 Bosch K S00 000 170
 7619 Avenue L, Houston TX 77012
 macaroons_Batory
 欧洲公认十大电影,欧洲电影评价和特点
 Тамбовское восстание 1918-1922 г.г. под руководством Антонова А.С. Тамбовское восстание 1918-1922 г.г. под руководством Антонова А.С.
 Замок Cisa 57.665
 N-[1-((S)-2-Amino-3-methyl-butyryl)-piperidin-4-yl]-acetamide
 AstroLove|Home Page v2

==*==

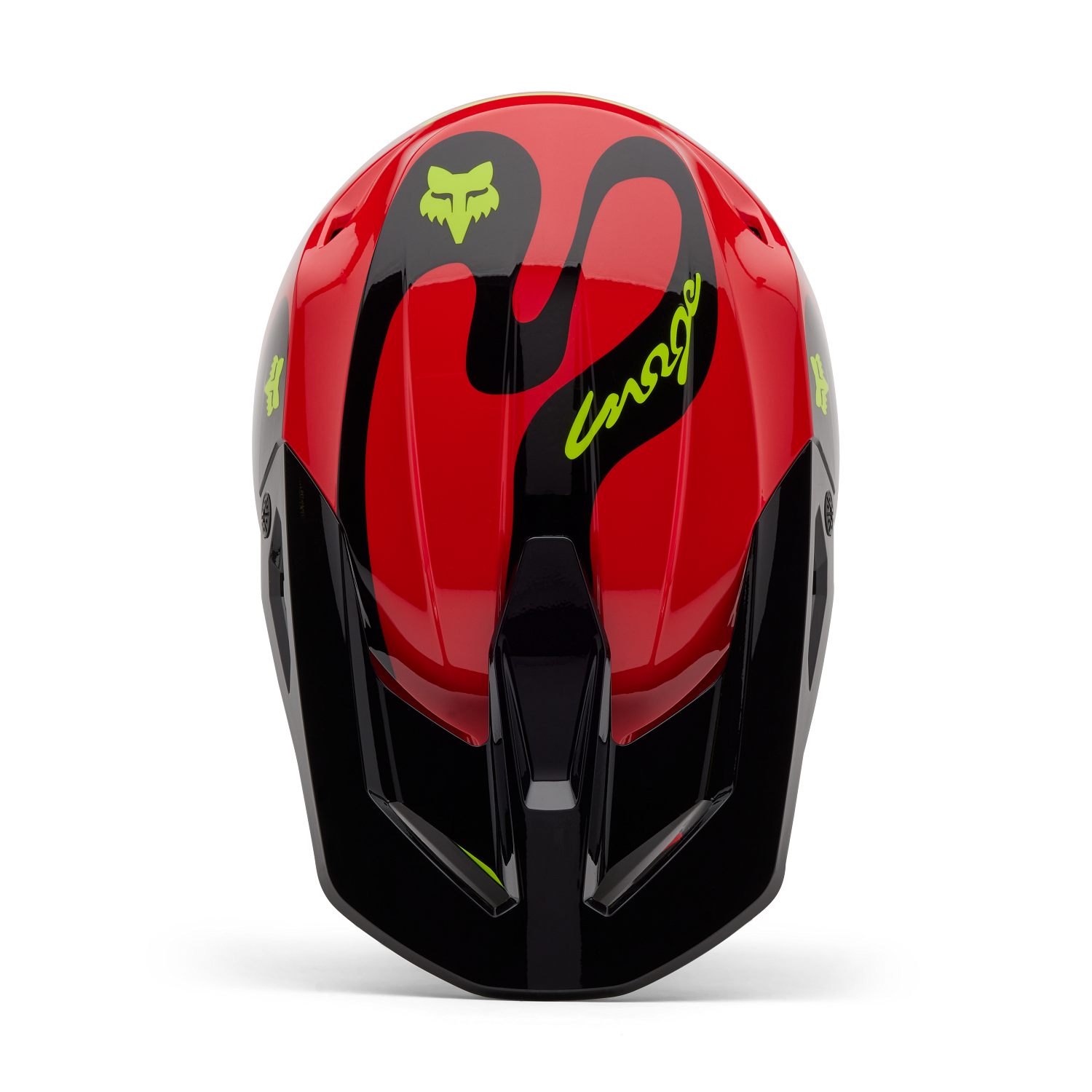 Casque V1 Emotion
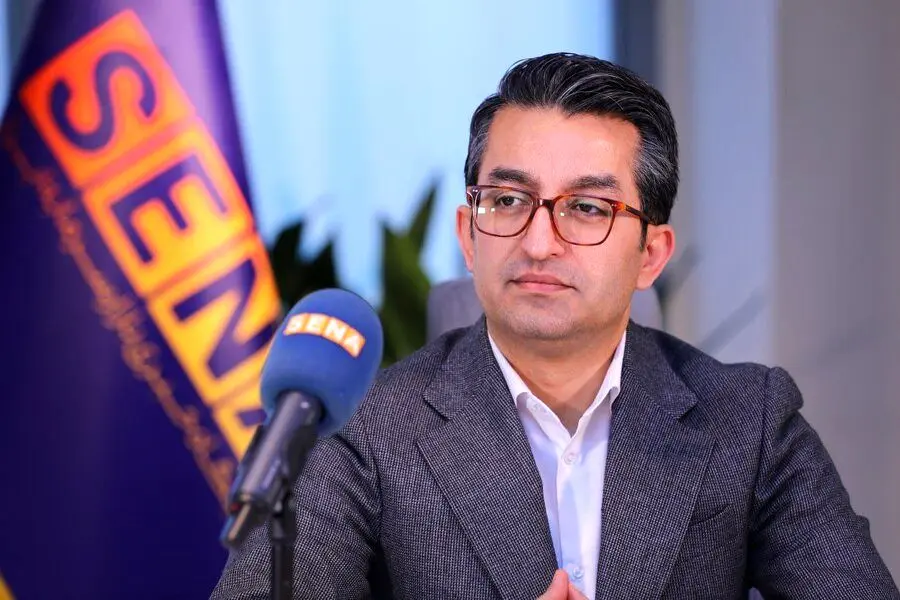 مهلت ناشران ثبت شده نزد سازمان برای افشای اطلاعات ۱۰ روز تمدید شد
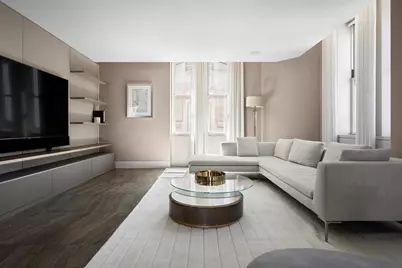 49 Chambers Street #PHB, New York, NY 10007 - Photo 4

==*==

About this exercise – Please write out, exactly as they appear above, only the lines in the stretch from the line with "Bosch K S00 000 170" through the line with "AstroLove|Home Page v2".

Answer to this problem –
 Bosch K S00 000 170
 7619 Avenue L, Houston TX 77012
 macaroons_Batory
 欧洲公认十大电影,欧洲电影评价和特点
 Тамбовское восстание 1918-1922 г.г. под руководством Антонова А.С. Тамбовское восстание 1918-1922 г.г. под руководством Антонова А.С.
 Замок Cisa 57.665
 N-[1-((S)-2-Amino-3-methyl-butyryl)-piperidin-4-yl]-acetamide
 AstroLove|Home Page v2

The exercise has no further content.